Rights International Spain (RIS), en collaboration avec Open Society Justice Initiative (OSJI) a présenté le rapport "Bajo sospecha: el impacto de las prácticas policiales discriminatorias en España" (Suspecté.e.s : l'impact des pratiques discriminatoires de la police en Espagne), un rapport que décrit l'impact des contrôles au faciès sur les vies des individus en Espagne à travers l'expérience même des personnes qui souffrent quotidiennement de ces contrôles policiers fondés sur l'origine ethnique. Le rapport réunit des témoignages d'individus établis dans plusieurs régions du pays, et expose les multiples conséquences générées par de telles pratiques discriminatoires.
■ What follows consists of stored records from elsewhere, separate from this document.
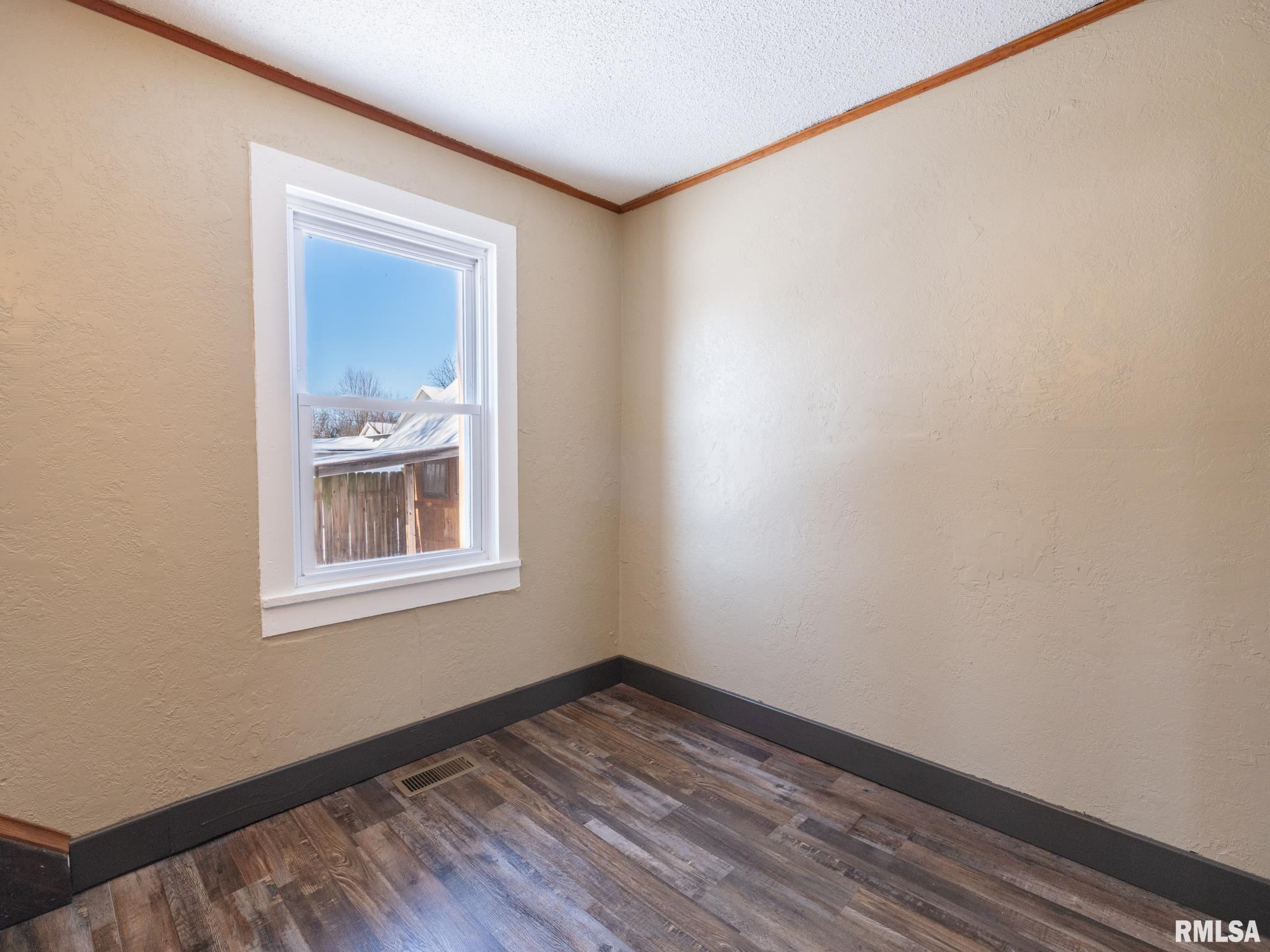 222 East Patton Avenue Lewistown, IL 61542 - Photo 27 of 53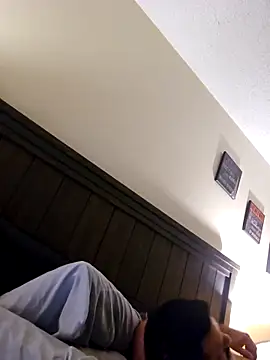 Roddog18's cam snapshot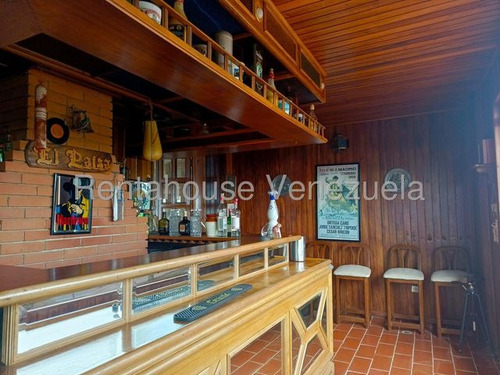 Casa Duplex En Venta Remodelada Con Espacio De Jardín Semi Amoblada Los Castores San Antonio De Los Altos Negociable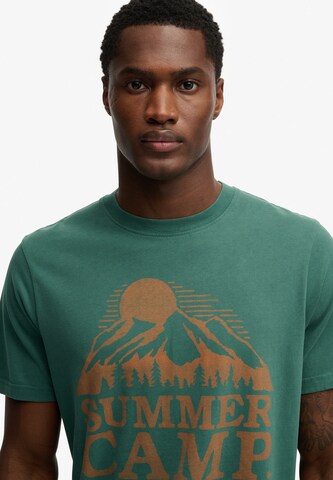 T-Shirt 'Retro Outdoor' Superdry & Co en vert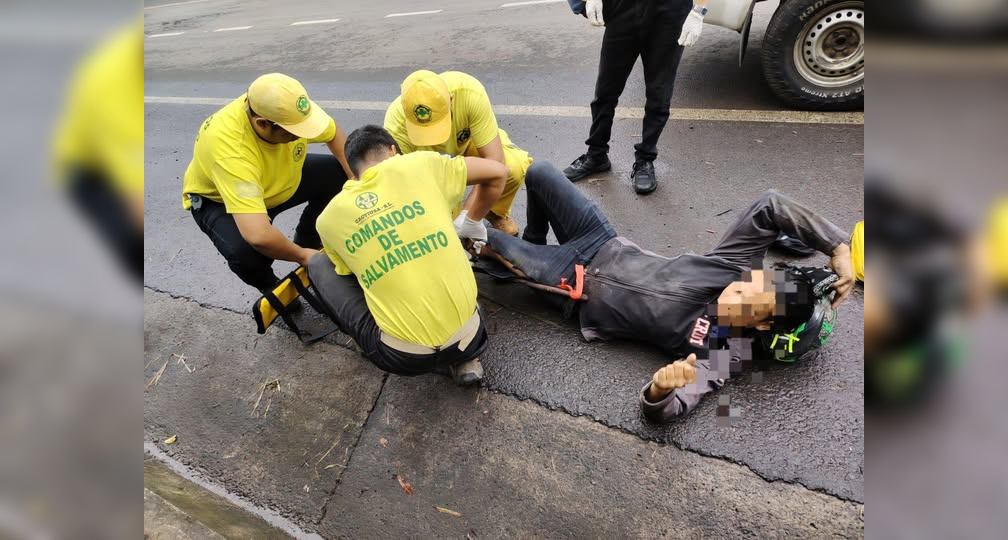 Un motociclista de 37 años sufrió un accidente en el km 62 de la carretera Sonsonate-San Salvador al intentar esquivar un perro. Comandos de Salvamento lo atendió y lo trasladó a un centro asistencial con posible fractura en la pierna izquierda. Foto: Comando de Salvamento.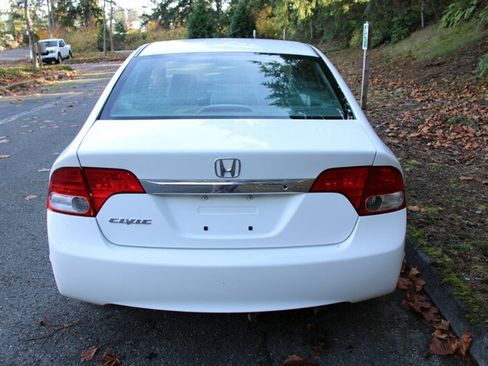 Used 2009 Honda Civic DX-VP image 10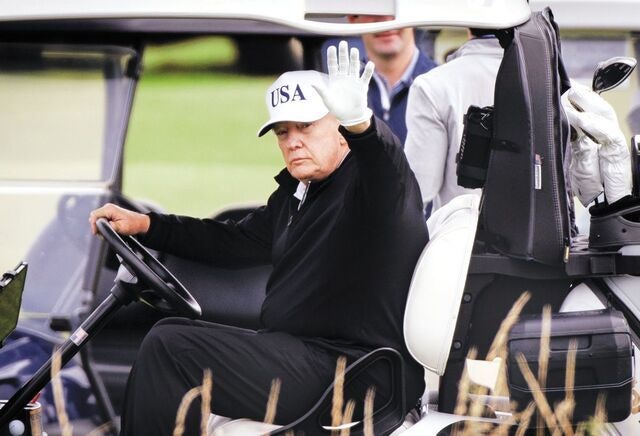 전쟁 중에도 골프·SNS… 트럼프, 금기 깬 전시 리더십 도마에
L'une des personnes interviewées, Mamadou Moustapha, explique en quoi les contrôles au faciès sont fréquents dans son quartier de San Fransisco, à Bilbao : "en arrivant à la maison, l'un de mes colocataires m'a dit avoir été contrôlé le matin, et le soir, un autre ami est arrivé et nous a dit que lui aussi avait été contrôlé, alors que moi aussi, j'avais été contrôlé le matin. On se demande pourquoi ils nous contrôlent tout le temps". Comme nous l'avons déjà expliqué (voir notre précédent article), cette pratique policière est connue sous le nom de contrôle au faciès (ou profilage ethnique). La police ne vous contrôle pas sur la base de motifs valables (si vous avez peut-être commis un crime ou avez été pris en flagrant délit), au contraire, ils vous arrêtent et c'est à vous de prouver votre innocence, et donc, votre corps traîne l'ombre d'une la suspicion permanente".
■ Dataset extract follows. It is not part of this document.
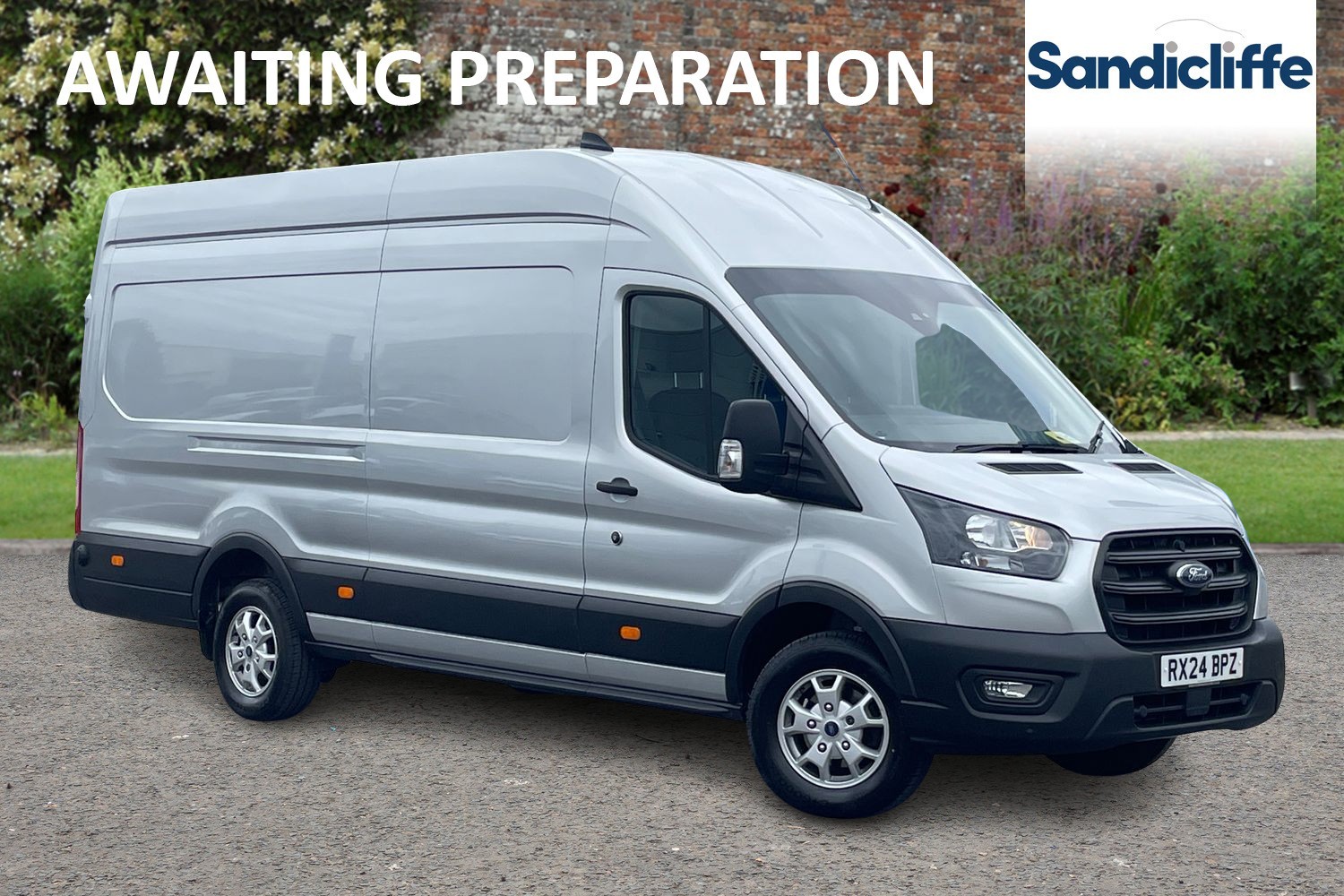 Main listing image - Ford Transit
À Madrid, les programmes PIPE (Protocole d'identification efficace de police) qui avaient été mis en oeuvre par la police municipale et visaient à mettre fin à la discrimination dans les interventions de la police, a été aboli il y a peu par le nouveau conseil municipal. Pendant sept mois (de novembre 2018 à mai 2019), ce protocole fonctionnait en tant que programme pilote dans le quartier madrilène de Ciudad Lineal, mais l'objectif était d'étendre le programme à d'autres quartiers de la capitale. Le programme PIPE, qui est encore à l'oeuvre dans des banlieues comme celle de Fuenlabrada, où il a avait été mis en place en 2008, vise à améliorer les interventions de la police dans ce domaine et à garantir les droits d'une société diverse à travers la mise en place de formulaires que les agents de police doivent remplir, et qui permettent de générer des données sur les contrôles réalisés dans les lieux publics, afin de vérifier si la pression exercée sur certains groupes de la société est démesurée ou non.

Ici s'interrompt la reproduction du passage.